Question

A country's population in 1990 was 134 million. In 2000, 139 million. Estimate the population in 2014 with P=Ae^kt, while rounding k to the nearest 4 decimals.

Answer 1

Think of the year 1990 as time \(t=0\). Then according to the model, \(P=Ae^{kt}\), when \(t=0\) the population is \(P=A=134\) (ignore the "million" for now; you can always just multiply by it later).

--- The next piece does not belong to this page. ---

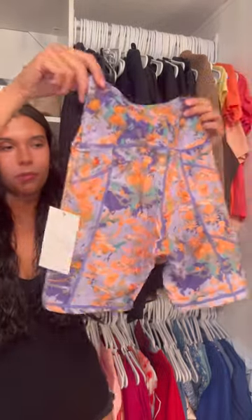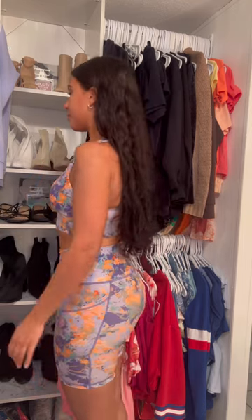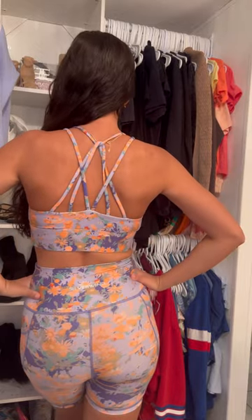I got the matching bra and shorts Monet's Garden set and they are super soft — I just love the way that it looks and feels. It's super stretchy as well. They draw inspiration from nature to create colorful, sustainable, and stylish activewear.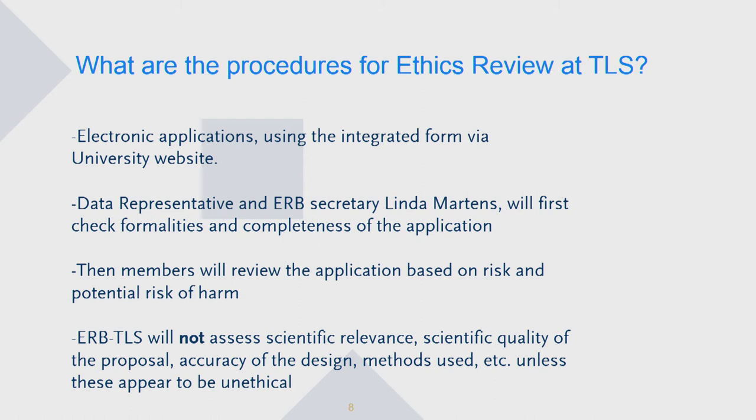We find it important to stress that we will not assess the scientific relevance, scientific quality of the proposal, the accuracy of the design and the methods that are used, unless they appear to be really unethical.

2000 is ten years after 1990, so \(t=10\) represents the year 2000. You want to find the relative growth factor \(k\) by solving this equation:
\[\large139=134e^{10k}\]

Answer 2

That's where I keep getting stuck. Going from thee, I'm getting 14e^(3.6621*24) which is giving me something like 1.9834, but shouldn't it be giving me an answer around 146-7?

Answer 3

i mean 134 not 14

Answer 4

\[\large\begin{align*}
139&=134e^{10k}\\\\
\frac{139}{134}&=e^{10k}\\\\
\ln\frac{139}{134}&=10k\\\\
k&=\frac{1}{10}\ln\frac{139}{134}\\\\
k&\approx\cdots\end{align*}\]

Answer 5

K would be about 1.5124?

Answer 6

No, it's a lot smaller than that... Make sure you're typing it properly into your calculator.

Try (1/10)*ln(139/134)

Answer 7

I already skipped the question, but there's another one like it with 156 million in 1990, 162 mil in 1996, est it in 2016. I'm at (1/6)*In(1.038), but I keep getting 6.216 which seems way too big of a number

Answer 8

At \(t=0\), \(P=A=156\) (million, but again you can ignore that detail). At \(t=6\), \(P=162\).

So you have
\[\large 162=156e^{6k}~~\Rightarrow~~k=\frac{1}{6}\ln\frac{162}{156}\approx\cdots\]
Once you find \(k\), plug it into this eq. and solve for \(P\):
\[\large P=156e^{16k}\]
Do you have the right value of \(k\)? I'm getting about 0.00629, and a final population of about 173.

Answer 9

I think I was reading the calculator wrong or something, wasn't taking in the E-03 at the end of the number. I think I might be able to get it from here

Answer 10

Yeah the E-03 is notation for \(\#\times10^{-3}\). So if you have \(6.216\text{E}(-3)\), that's equivalent to \(6.21\times10^{-3}=.00621\).